YOUR OBJECTIVE: Word for word, restate the lines of the listing below from the line with "611 N Palmway, Lake Worth Beach, FL 33460" through the line with "Antalya Altıntaş'ta Havalimanına", and do not include the pictures.

SUPPLIED RECORDS:
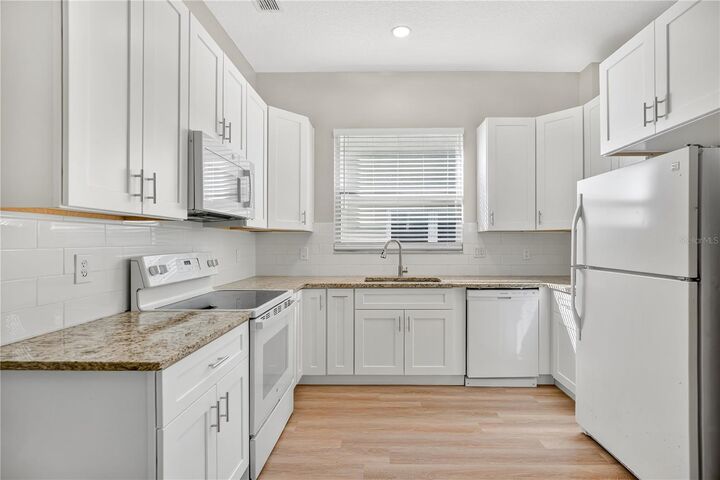 Property Photo:  3672 Becontree Place  FL 32765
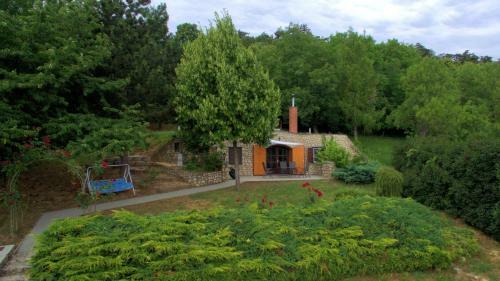 Hegybenj�r� Apartman Balatonederics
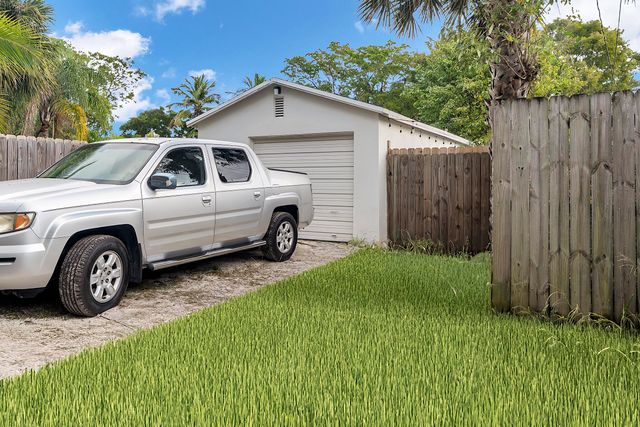 611 N Palmway, Lake Worth Beach, FL 33460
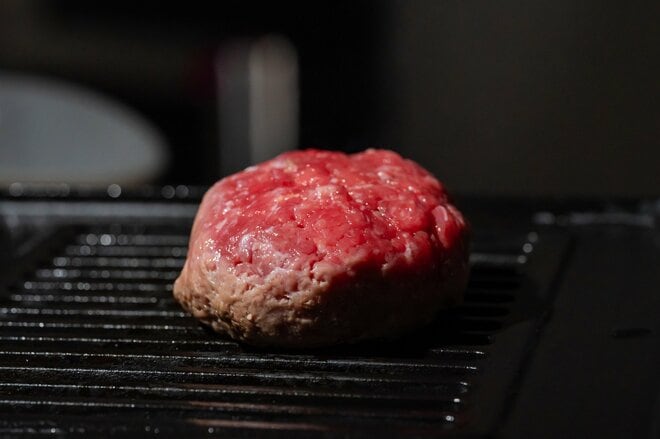 商店街の夏祭りで出された「生焼けハンバーグ」で食中毒…ハンバーグチェーン創業者の50代男性が抱えていたトラブルの中身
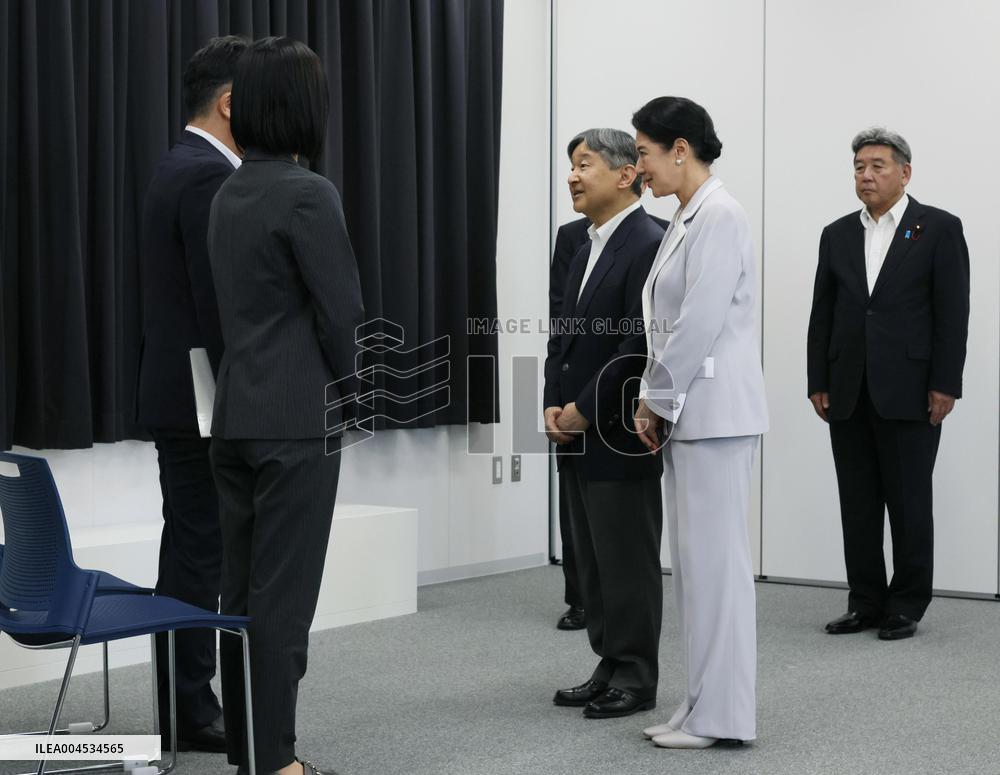 Japanese emperor, empress in Hiroshima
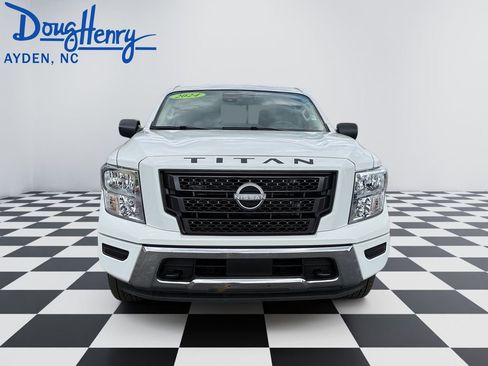 Used 2024 Nissan Titan SV AWD/4WD image 8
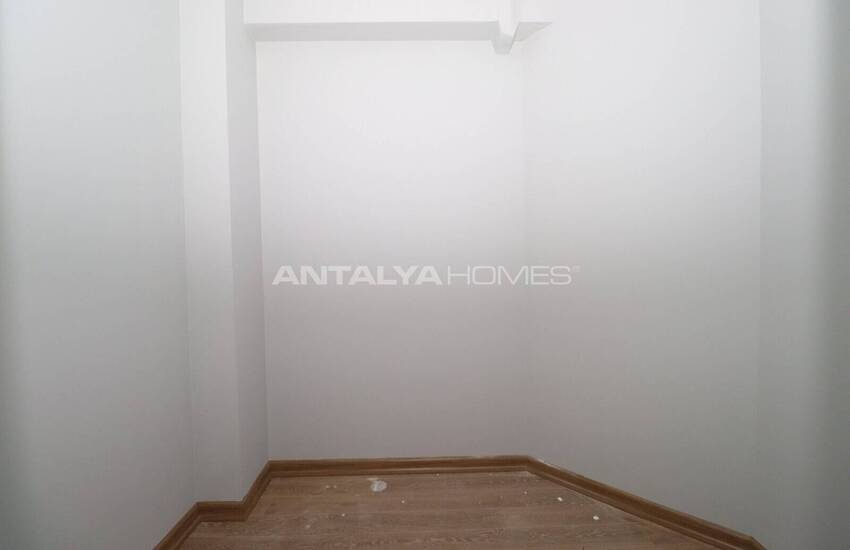 Antalya Altıntaş'ta Havalimanına Yakın Konumda Şık Daireler 28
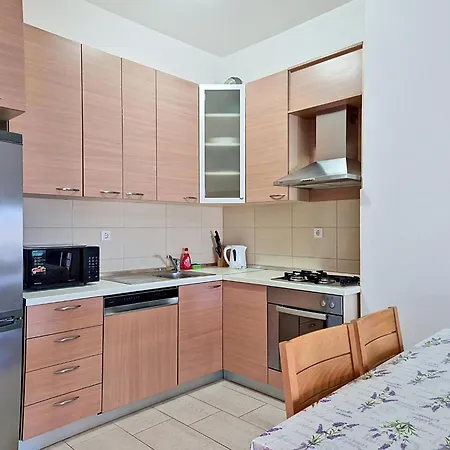 Apartman Ivan-5 By Interhome Maslenica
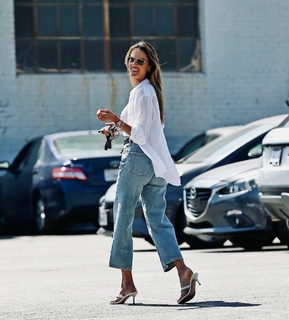 Alessandra Ambrosio feet photo thumbnail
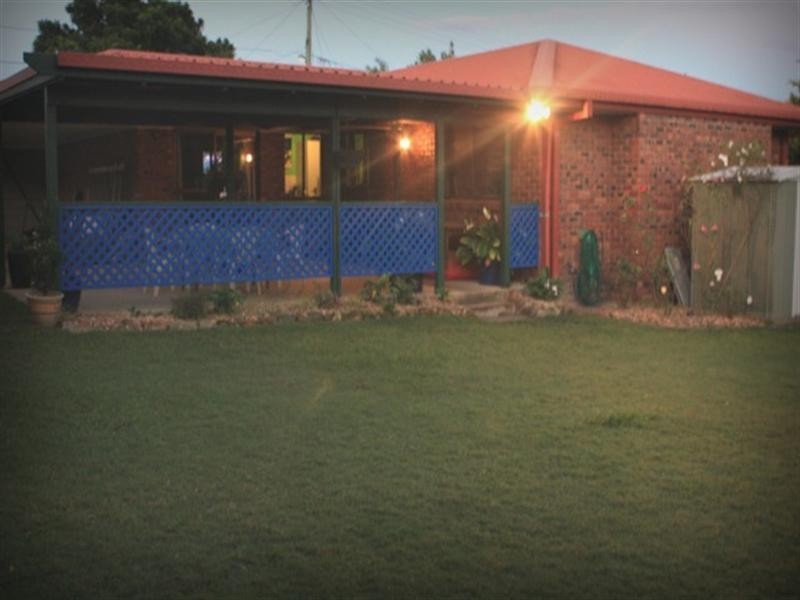 8 Blenheim Crescent, Yamanto QLD 4305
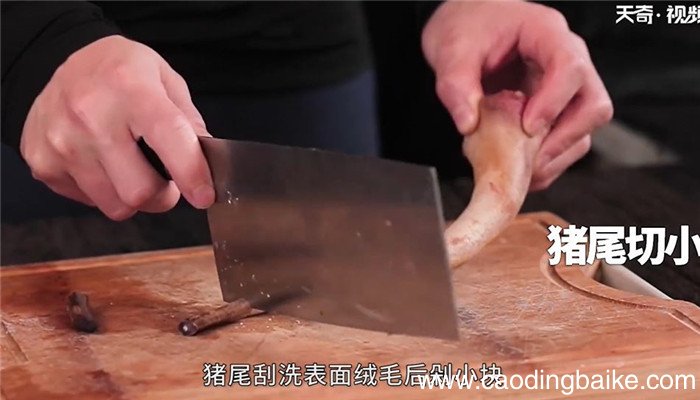 猪尾花生煲怎么做 猪尾花生煲的做法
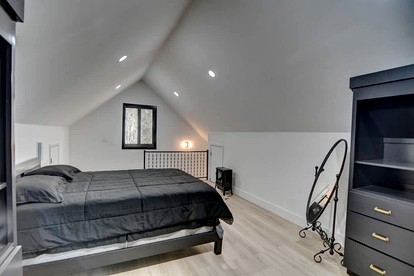 Luxury Vineyard Barn Retreat with Private Trails Near Nashville, Georgia - Nashville, Georgia - glamping.directory
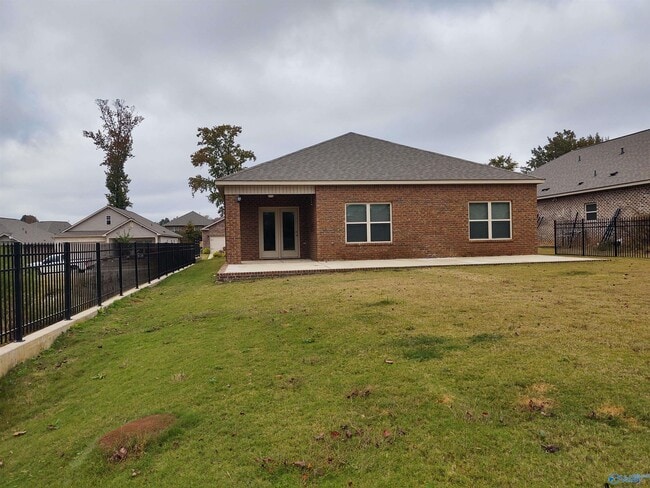 Building Photo - 152 Grey Fawn Trail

RESPONSE BOX:
 611 N Palmway, Lake Worth Beach, FL 33460
 商店街の夏祭りで出された「生焼けハンバーグ」で食中毒…ハンバーグチェーン創業者の50代男性が抱えていたトラブルの中身
 Japanese emperor, empress in Hiroshima
 Used 2024 Nissan Titan SV AWD/4WD image 8
 Antalya Altıntaş'ta Havalimanına Yakın Konumda Şık Daireler 28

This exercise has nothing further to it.